Wednesday, March 29th, 2023 (about 1 year ago)
TLDR: Xarray’s data structures are used in parts of the AllenSDK and provide an effective way to represent data recorded from neurons in living brains.
These days, most neuroscience involves a hefty dose of data science. As technological advances make it possible to record larger numbers of neurons simultaneously1-3, neuroscientists need to spend even more time writing code to extract value from the massive datasets being produced. Despite the general enthusiasm for big data across the field, there are still no widely adopted conventions for representing neural time series in memory. This means that most researchers end up developing their own ad hoc analysis approaches which are rarely reused, even by members of the same laboratory.
At the Allen Institute, we are working to improve the reproducibility of in vivo neurophysiology experiments by employing greater standardization in the ways data is generated and shared. Each step in our "Allen Brain Observatory" data collection pipeline is carried out by highly trained technicians, and the outputs are subjected to rigorous quality control procedures. All of the sessions that pass inspection are packaged in Neurodata Without Borders (NWB) format4 and distributed freely via the AllenSDK, a Python package that serves as a portal to a wide range of Allen Institute data resources.

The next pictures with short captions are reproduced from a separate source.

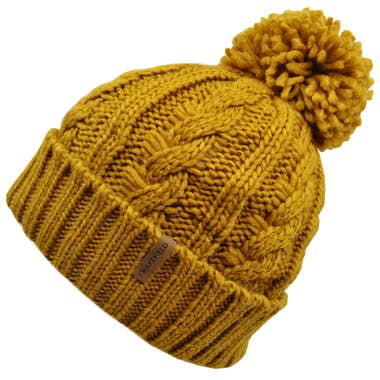 Arctic Winter Hat Ochre Yellow - With Fleece Lining for wholesale by Wakefield Headwear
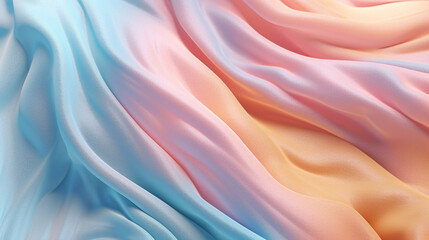 Wall Mural - Background with organic and random shapes with pastel colors.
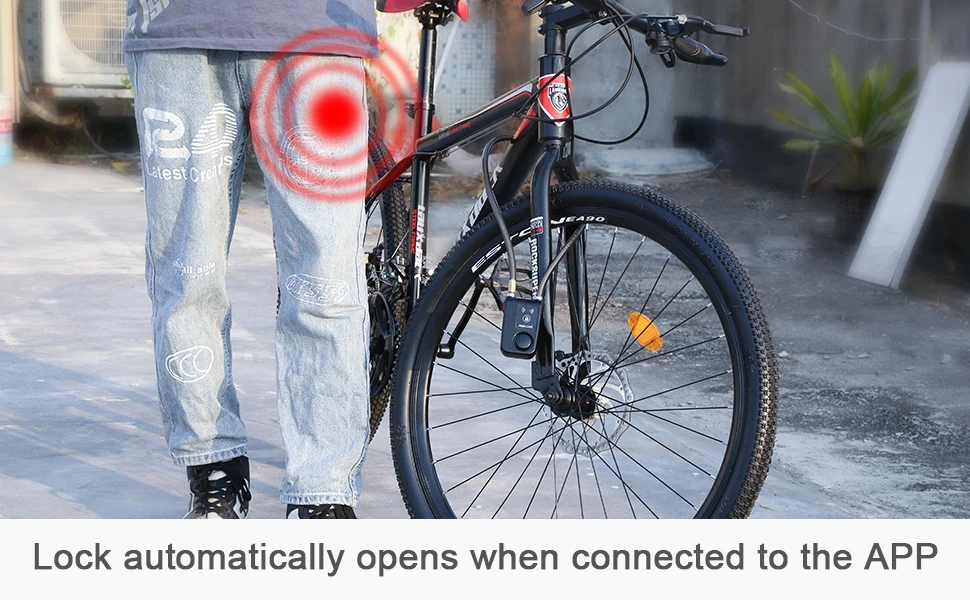 Bluetooth Bike Motorcycle Anti Theft Lock Alarm Waterproof Burglar Vibration Bike Alarm Lock System Security Smart APP Control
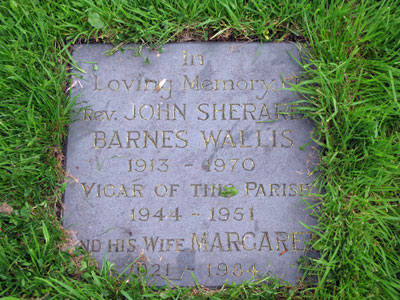 Memorial to Reverend Barnes Wallis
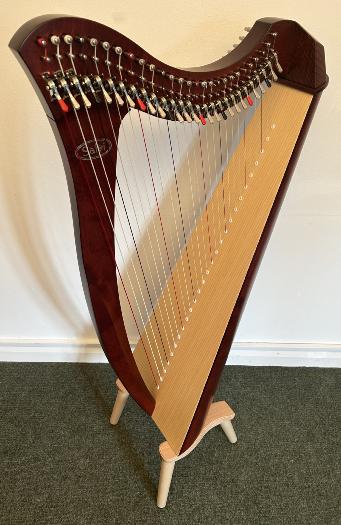 Salvi Juno 27 Lever Harp Mahogany (L44409) - Ex Rental 2023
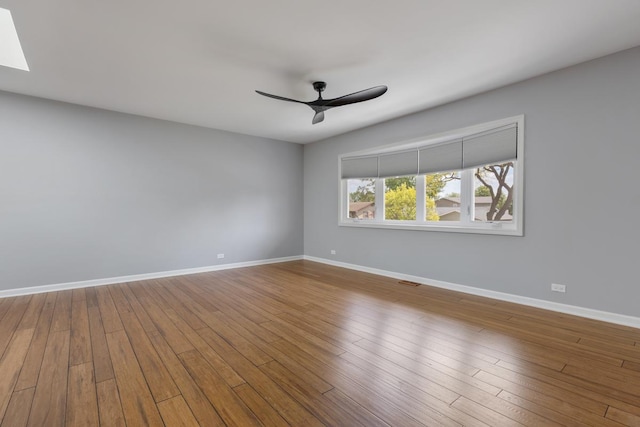 50 Kendal Rd, Elk Grove Village, IL 60007 - empty room with a ceiling fan, baseboards, and wood finished floors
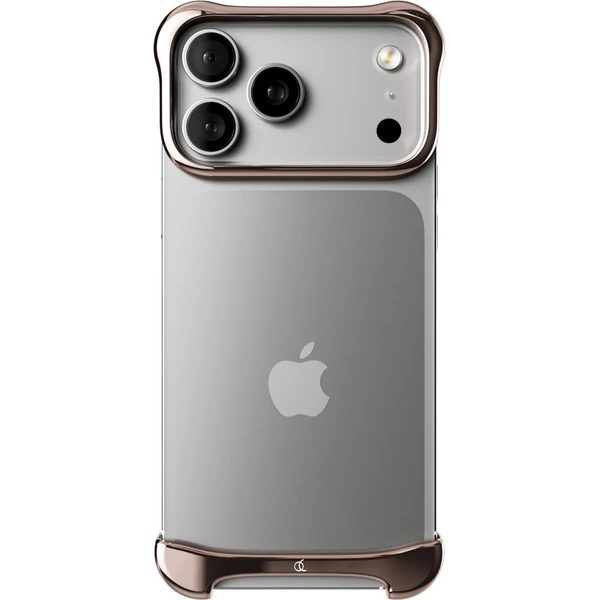 Arc Pulse hliníkový ochranný rám iPhone 17 Pro Max ružový bronz - Puzdra - Obrázok T7DJ000K01
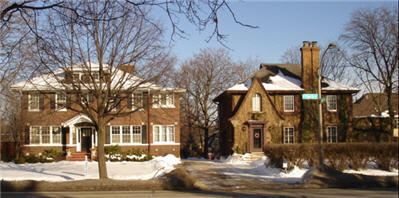 Shared driveway in Elmhurst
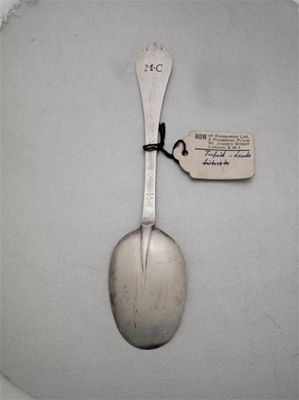 Appraisal: A William III spoon scratched 'MC' maker unascribed TG monogram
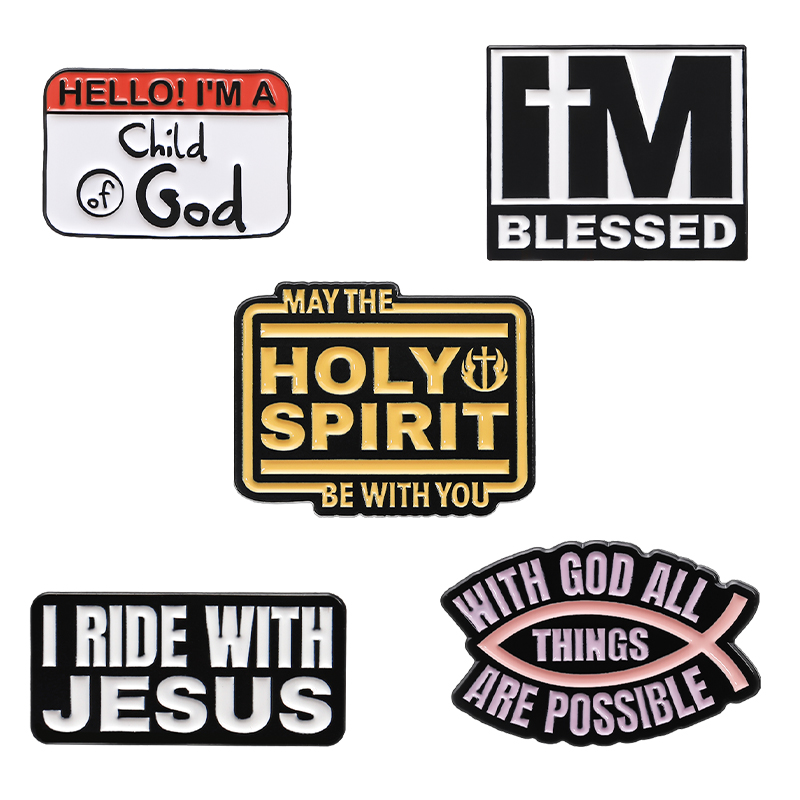 Embroidery Jesus - Viaggio con Gesù Spille smaltate Cartoon
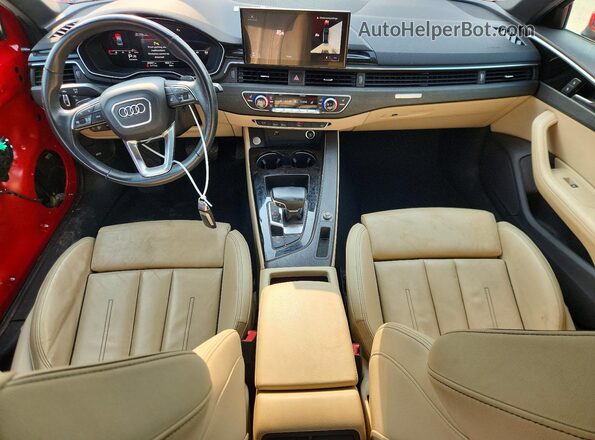 WAUEAAF43MA034451 2021 AUDI A4 Red Առջևի վահանակի տեսք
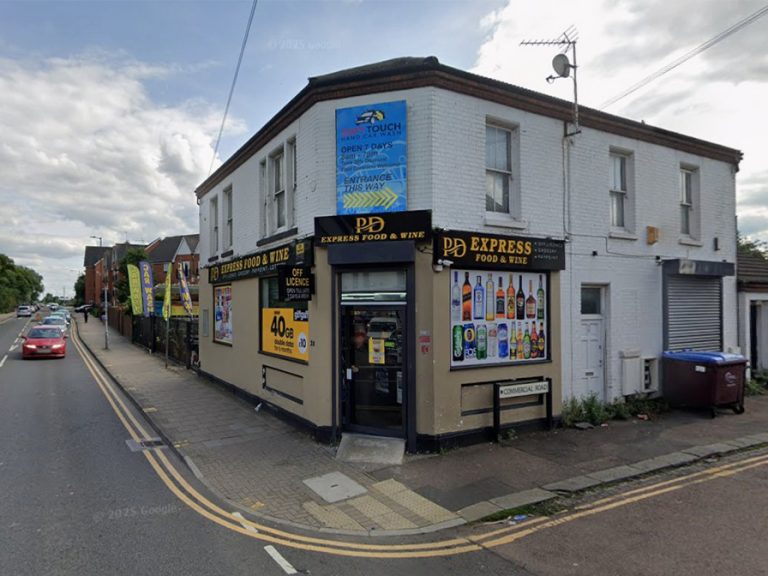 PD Express Food and Wine, Bedford. Image: Screenshot Google Streetview (C)2026 Google Image Capture July 2024 via LDRS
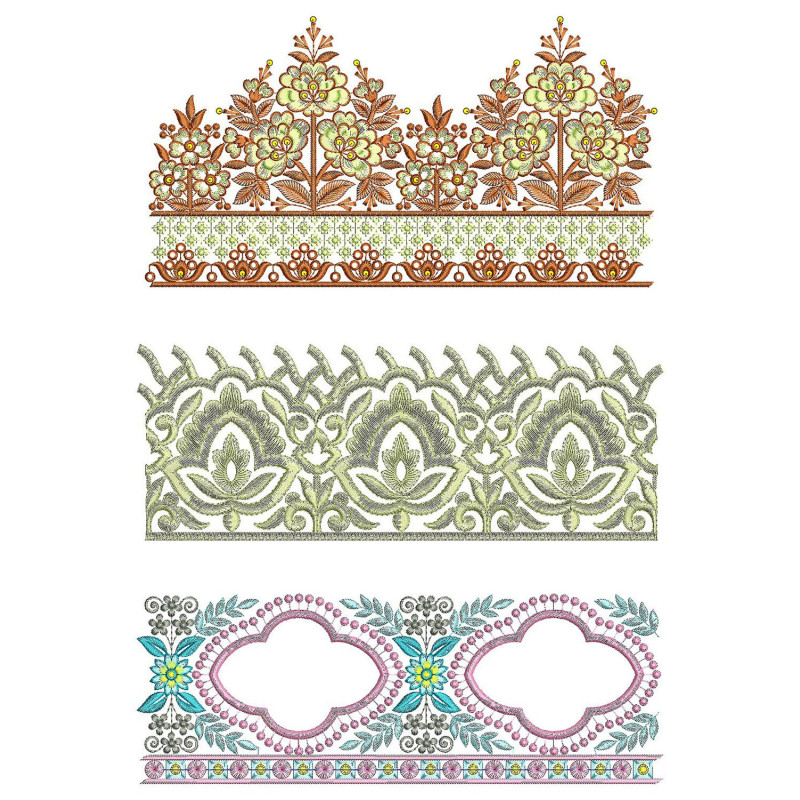 50 Lace Embroidery Designs | June 2021 Bulk Download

This blog post will describe how Xarray is being used in the AllenSDK’s ecephys
module, which stands for "extracellular electrophysiology." We found Xarray to be well suited to serve as the foundational data structure for collaboratively developed neurophysiology analysis pipelines because it is efficient, domain-agnostic, and uses many of the same conventions as Pandas, which plenty of neuroscientists are already familiar with. We hope that the examples described below will convince others to try out Xarray for their own analysis needs.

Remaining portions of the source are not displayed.